23 June 2018

Hedda Vernon

Today starts the 32nd edition of Il Cinema Ritrovato, and we're in Bologna, Italy to enjoy the festival. One of the classics programmes is One Hundred years Ago: 1918. One the main European stars of that year was German actress, writer and producer Hedda Vernon (1886-1925). During the 1910s, she appeared in more than 60 films and she was such a popular star that she got her own Hedda-Vernon-serial.

Hedda Vernon
German postcard by Rotophot in the Film Sterne series, no. 232/1. Photo: Becker & Maass / Eiko-Film.

Hedda Vernon (retouched)
German postcard by Ross Verlag, Berlin, no. 2001/12, 1919-1924. Photo: Becker & Maass / Eiko Film.

Hedda Vernon
German postcard by Ross Verlag, no. 360/2, 1919-1924. Photo: Becker & Maass Phot.

Hedda Vernon
German postcard by Photochemie, Berlin, no. K. 103. Photo: Eiko-Film.

Hedda Vernon
German postcard by Photochemie, Berlin, no. K. 104. Photo: Eiko-Film.

Child Parts


Hedda Vernon (sometimes credited as Hedda Vernon-Moest) was born in 1886.

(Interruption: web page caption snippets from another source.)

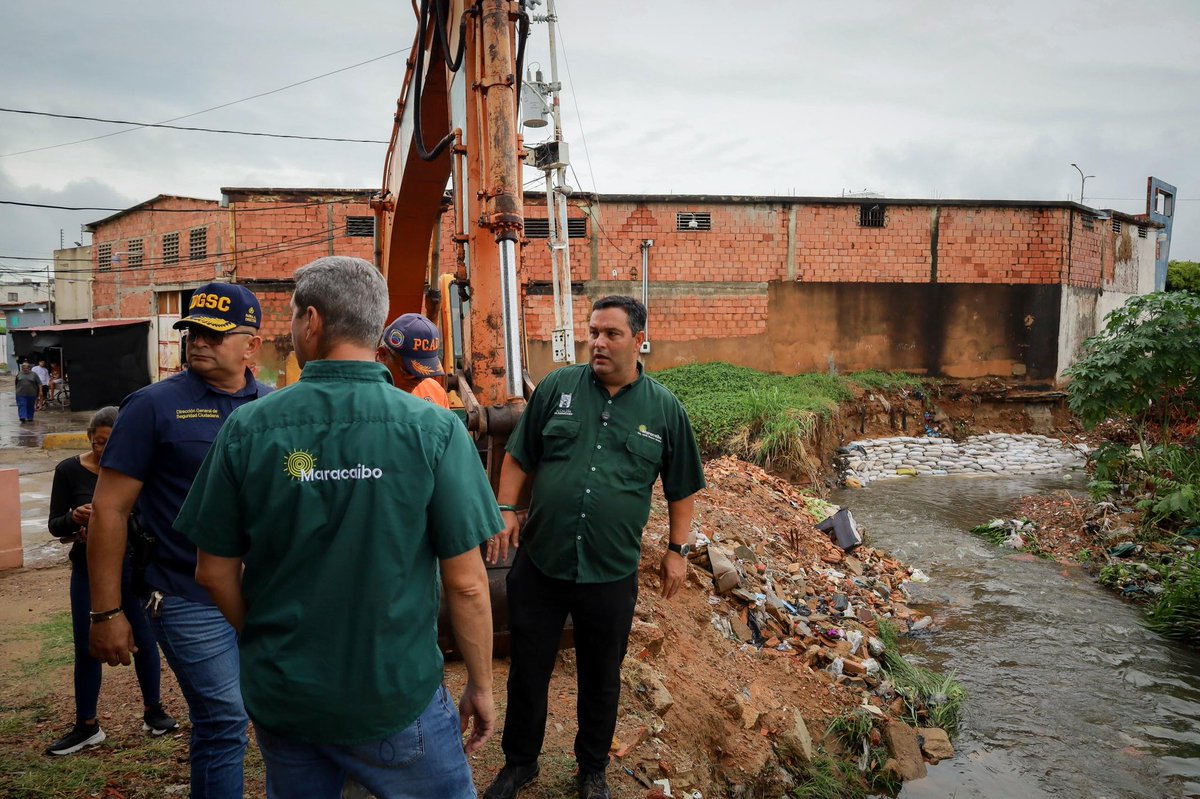 ImauMaracaibo_'s tweet photo. Desde @mcboalcaldia se inspeccionaron las zonas vulnerables en las 18 parroquias. Aunque cayeron 62 mm de agua, no se han reportado emergencias graves hasta las 10:30 AM. Según pronóstico las lluvias continuarán durante las próximas 72 horas. Se mantienen equipos activos. https://t.co/WBD09wGnkU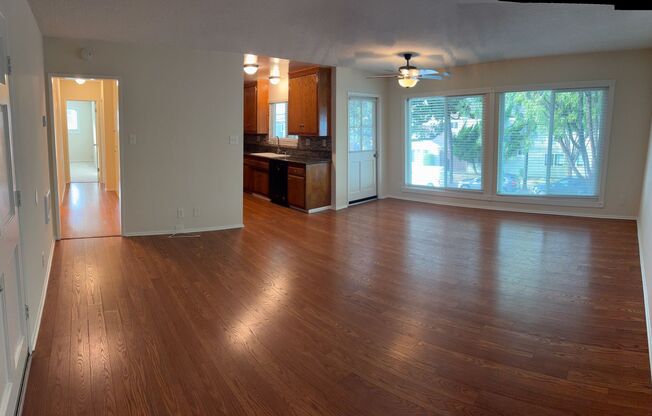 2420-2444 E. 5th St. 01-12,14-15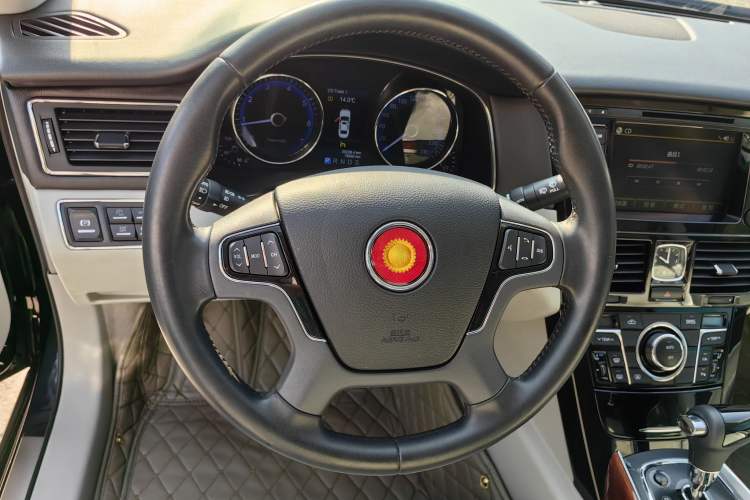 Used Hongqi H7 2015 2.0T Luxury Model
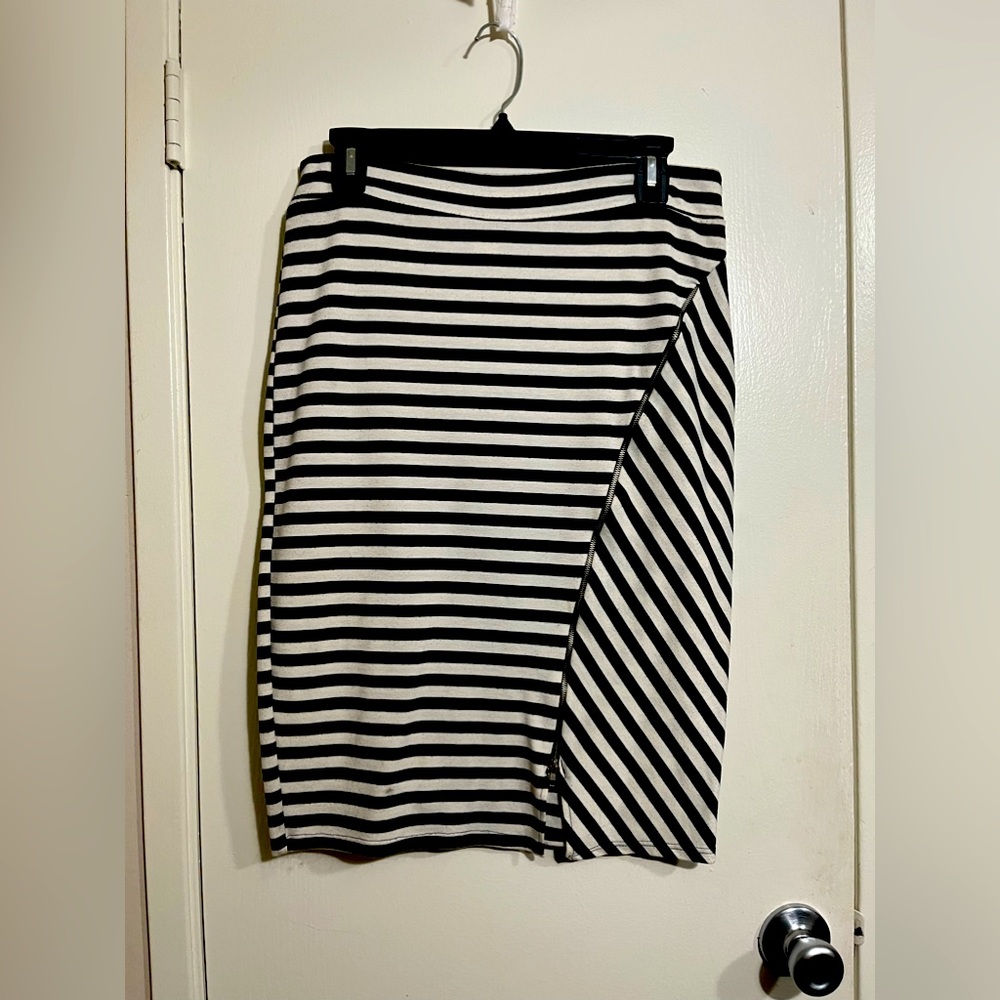 Vintage! Cute White and Black Pencil Striped Skirt With Side Zipper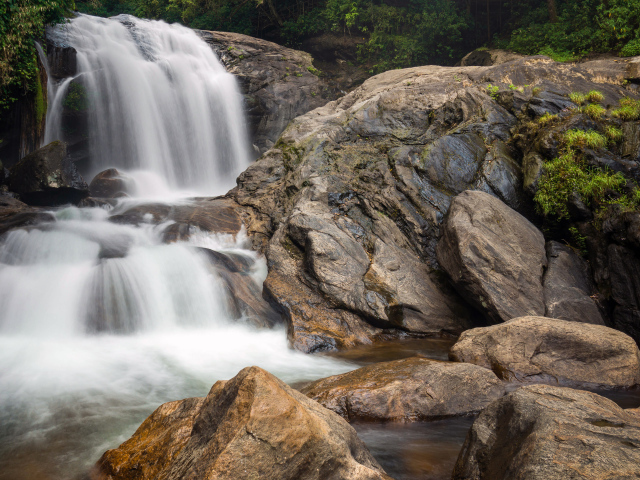 Маленькие водопады в Индии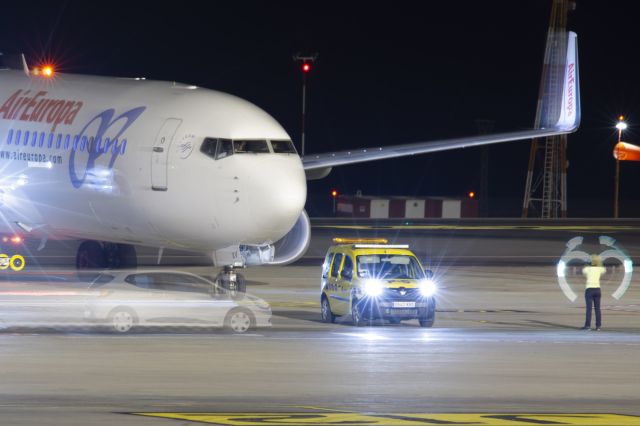Boeing 737-800 (EC-LXV)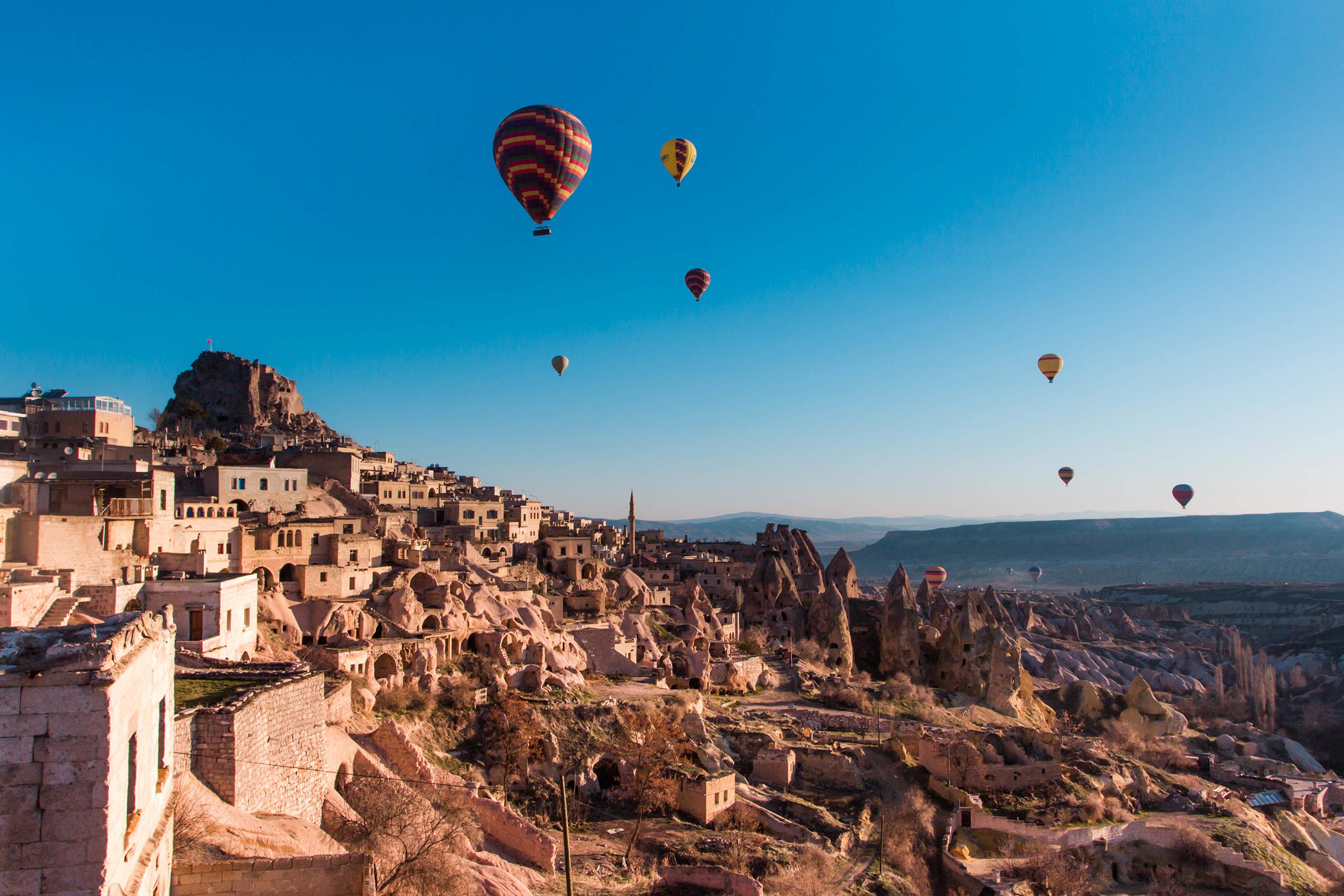 Private Southern Cappadocia Day Trip: Castles, Caves & Valleys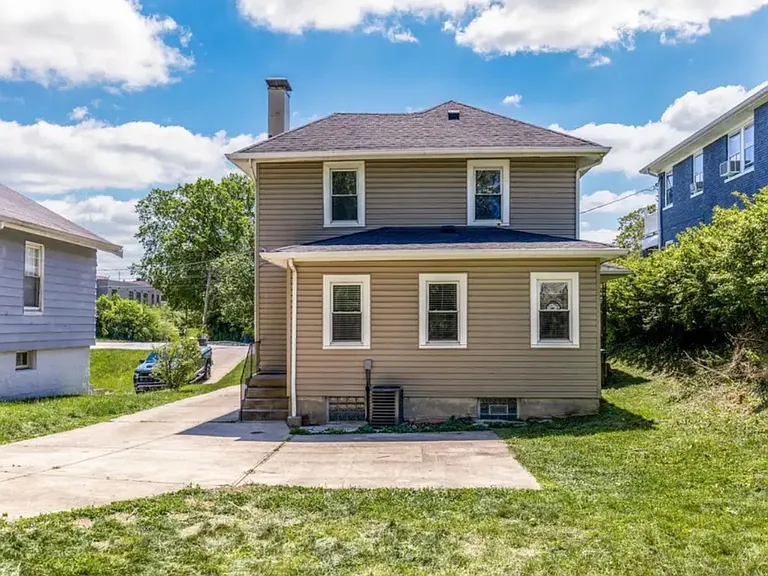 2556 Williams Ave — Photo 25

In 1912 she made her first film appearances in silent shorts for the Deutsche Bioscop GmbH in Berlin. That year she appeared in Die Papierspur/The Paper Trail (Emil Albes, 1912), Die Rote Jule/Red Jule (Emil Albes, 1912) and Der Kampf um das Erbe/The Conflict about the Heritage (Max Obal, 1912).

The following years, she played in Vitascope productions directed by Harry Piel, like Menschen und Masken 1 & 2/People and Masks 1 and 2 (Harry Piel, 1913), Die Millionenmine/The Millions Mine (Harry Piel, 1914) and Die braune Bestie/The Brown Beast (Harry Piel, 1914).

But she worked most often with her husband, actor-director Hubert Moest. They made a series of Eiko-productions, including Zofenstreichen/Abigail Paintings (Hubert Moest, 1915), Maria Niemand und Ihre Zwölf Väter/Maria Nobody and Her Twelve Fathers (Hubert Moest, 1915) with Theodor Loos, and Das Bild der Ahnfrau/The Picture of the Ancestress (Hubert Moest, 1916) with Rudolf Forster and Harry Liedtke.

These were followed by Noemi die blonde Judin/Noemi the Blonde Jew (Hubert Moest, 1917), Der Peitschenhieb/The Whiplash (Hubert Moest, 1918), and Taumel/Rapture (Hubert Moest, 1919) with Alfred Abel and Paul Hartmann.

In Zofia (Hubert Moest, 1915), Hedda Vernon impersonated a fifteen year old girl although she was almost 29 at the time. Such ‘child parts’ were normal for actresses in the 1910s and 1920s.

Hedda Vernon
German postcard by Rotophot in the Film Sterne series, no. 68/5. Photo: Eiko-Film.

Hedda Vernon
German postcard by Rotophot in the Film Sterne Series, no. 136/5. Photo: Becker & Maass, Berlin.

Hedda Vernon
German postcard by Rotophot in the Film-Sterne Series, no. 138/6. Photo Becker & Maass, Berlin / Eiko Film.

Hedda Vernon
German postcard by Photochemie, Berlin, no. K. 1340. Photo: Alex Binder.

Hedda Vernon
German postcard by Photochemie, no. K. 1346. Photo: Alex Binder.

Harry Piel Series


Hedda Vernon became so popular that she got her own serial which was financed by her production company Vernon-Produktion. She produced herself in Selbstgerichtet oder Die gelbe Fratze/Self Defence or The Yellow Grimace (Hubert Moest, 1914) and Hedda Vernon’s Bühnensketch/Hedda Vernon's Stage Sketch (Hubert Moest, 1916).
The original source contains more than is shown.